Canavan v. McNulty

Decision Date09 February 1928
Docket NumberNo. 17192.,17192.
Citation159 N.E. 782,328 Ill. 388
PartiesCANAVAN v. McNULTY et al.
CourtIllinois Supreme Court

OPINION TEXT STARTS HERE

Commissioners' Opinion.

Suit by Victoria Canavan against Mary McNulty, Varnum A. Parish, executor of the will of Thomas Canavan, and others. From a decree in favor of complainant, Varnum A. Parish, executor, appeals.

Affirmed.Appeal from Circuit Court, Kankakee County; A. W. De Selin, judge.

W. R. Hunter and Eva L. Minor, both of Kankakee, for appellant.

Alexius L. Granger and Claude M. Granger, both of Kankakee, for appellee.

CROW, C.

Victoria Canavan, widow of Thomas Canavan, filed her bill in chancery, praying that certain real estate therein described be partitioned, and for other relief. Thomas Canavan died April 29, 1923, leaving a will, which on September 13, 1923, was admitted to probate. Varnum A. Parish, by the first clause of the will, was ordered and empowered to sell all of testator's real estate and with the proceeds first pay all just debts and funeral expenses and then pay the following bequest:

(a) After payment of debts and funeral expenses out of the proceeds of the sale of real estate, I give to my wife, Victoria Canavan, one-half of the proceeds remaining.’

The second clause reads:

‘I give to wife, Victoria Canavan, all my personal estate.’

By the third clause, Parish was appointed executor of the will. The bill avers that Canavan died seized of an estate in fee simple, and unincumbered, of a large number of parcels of land, some described by quarter section and township numbers, others by metes and bounds. Lot 10 in block 43 in Associate's addition to the city of Kankakee was owned by decedent and occupied by him and complainant during his life, and at the time of his death, and after his death, by complainant as a homestead.

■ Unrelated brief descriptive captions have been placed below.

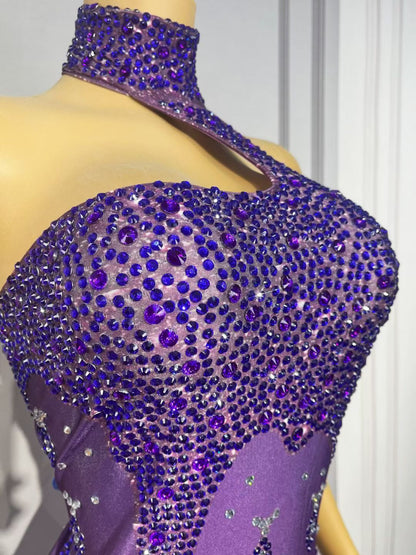 Zishuilian Rhinestone Purple Waterfall Stage Show Dress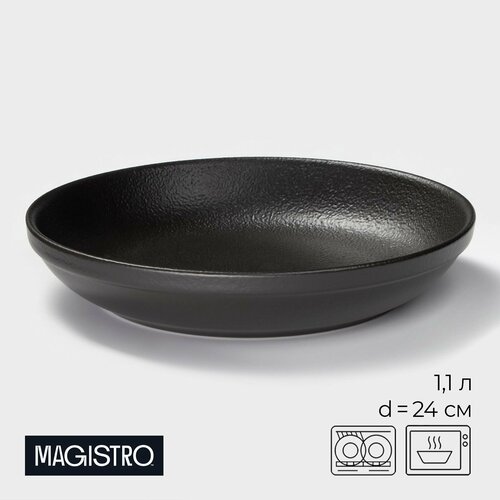 Тарелка глубокая Magistro Black Style фарфор черная 24см 11л 2069₽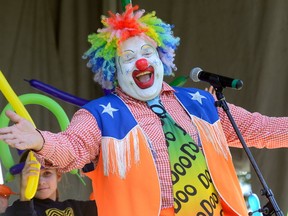 Doo Doo the Clown, aka Shane Farberman, performs at the Western Fair in London Ontario on Sunday September 11, 2016. Farberman made headlines last year after rescuing two women being accosted by a man in Toronto. (MORRIS LAMONT, The London Free Press)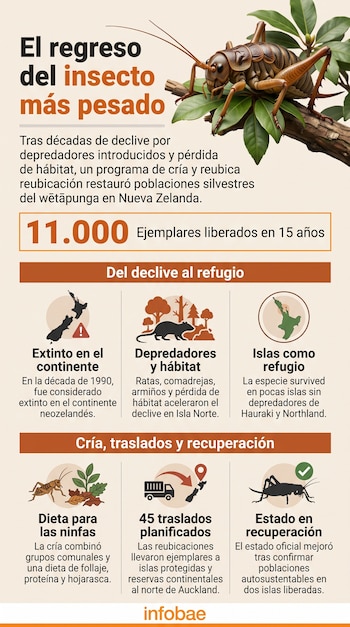 Una infografía con la ilustración de un insecto wētāpunga sobre hojas, mapas de Nueva Zelanda, íconos explicativos y el logotipo de Infobae.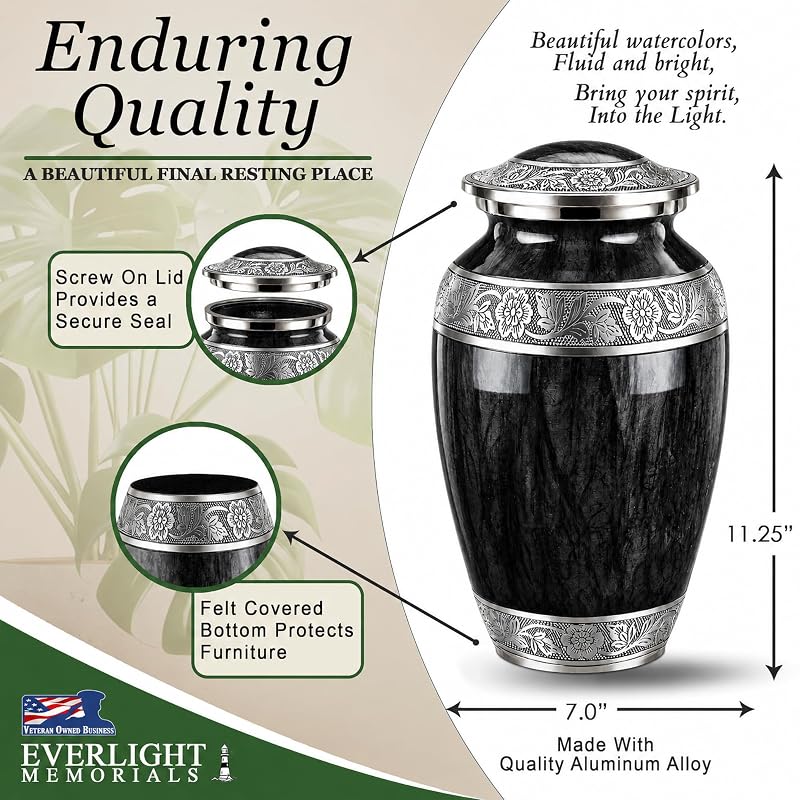 Wc Black Large Aluminum Urn for Adults – Watercolor Finish with Velvet Bag (Variation: Wc Black+Large)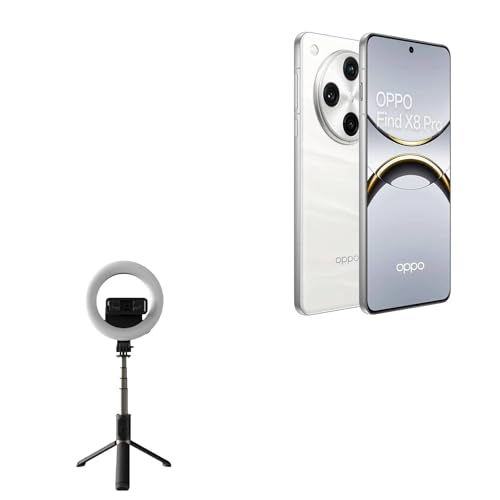 BoxWave Stand and Mount Compatible with Oppo Find X8 Pro - RingLight SelfiePod, Selfie Stick Extendable Arm with Ring Light - Jet Black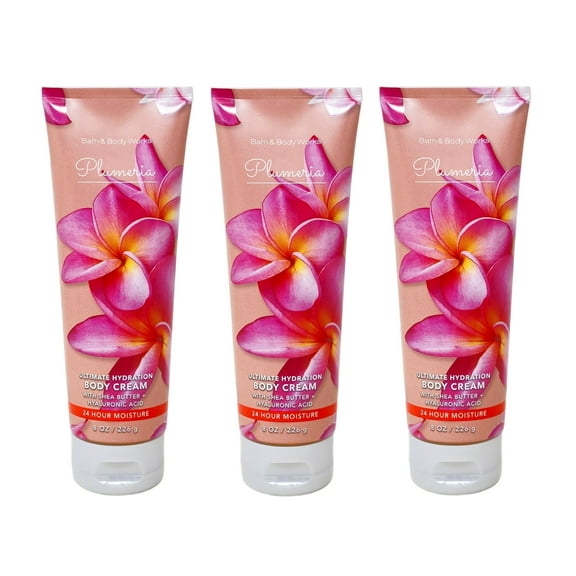 Bath and Body Works Plumeria 3 Piece Ultimate Hydration Body Cream Value Pack - 8 oz / 226 g each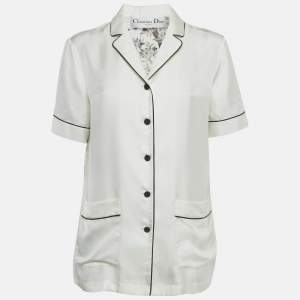 Pre Owned Christian Dior White Dior Jardin D'Hiver Print Silk Shirt S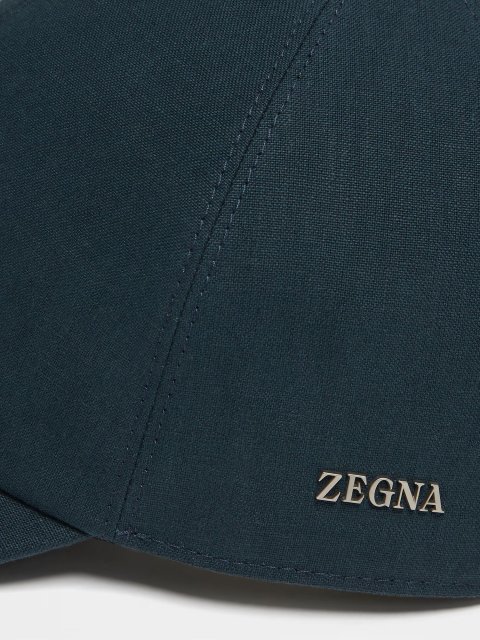 Синя кепка ZEGNA з льону: фото 2 - Invogue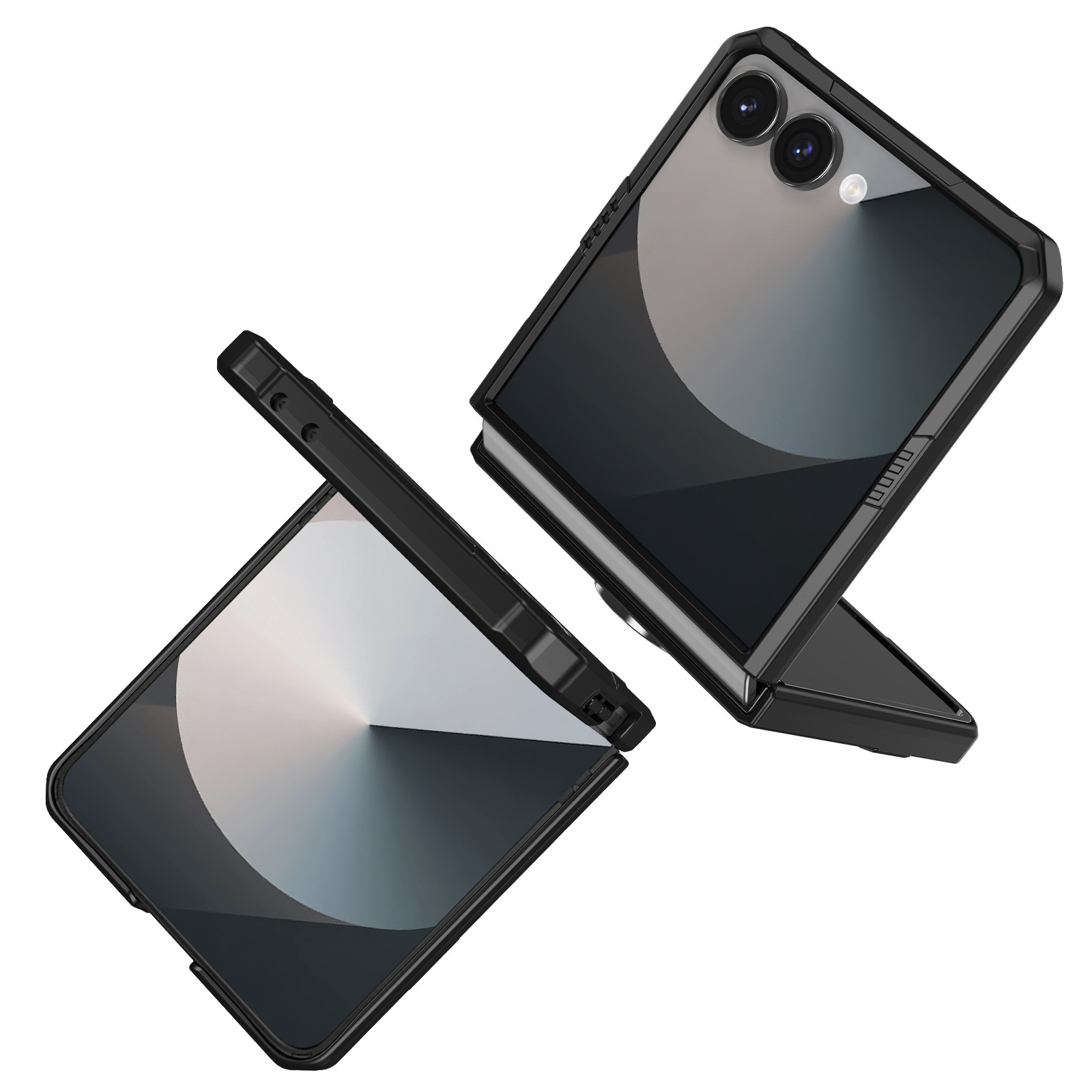 Compatible with Samsung Z Flip 7/6 phone case 5/4/3 magnetic rotating ring holder ultra-thin drop-proof protective case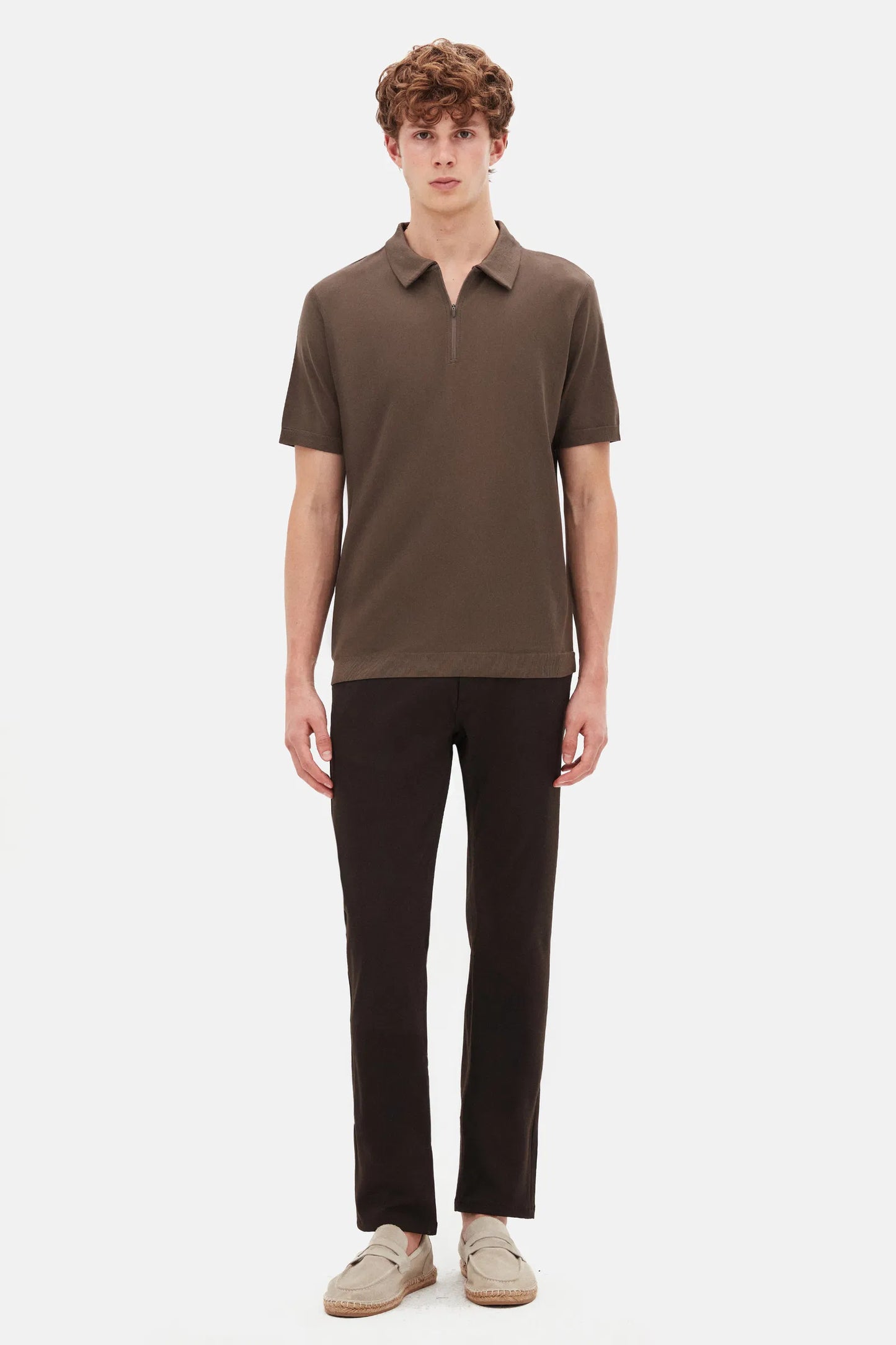 Tween Slim Fit Vizon Yarım Fermuarlı Polo Yaka Yazlık T-shirt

He left surviving him no child or children nor descendants of child, but left complainant and persons named in the bill as his only heirs at law, being brother, sisters, nieces, and nephews.

On September 12, 1924, the widow filed in the office of the county court of Kankakee county her renunciation of the will in writing, as follows:

‘In the Matter of the Estate of Thomas Canavan, Deceased.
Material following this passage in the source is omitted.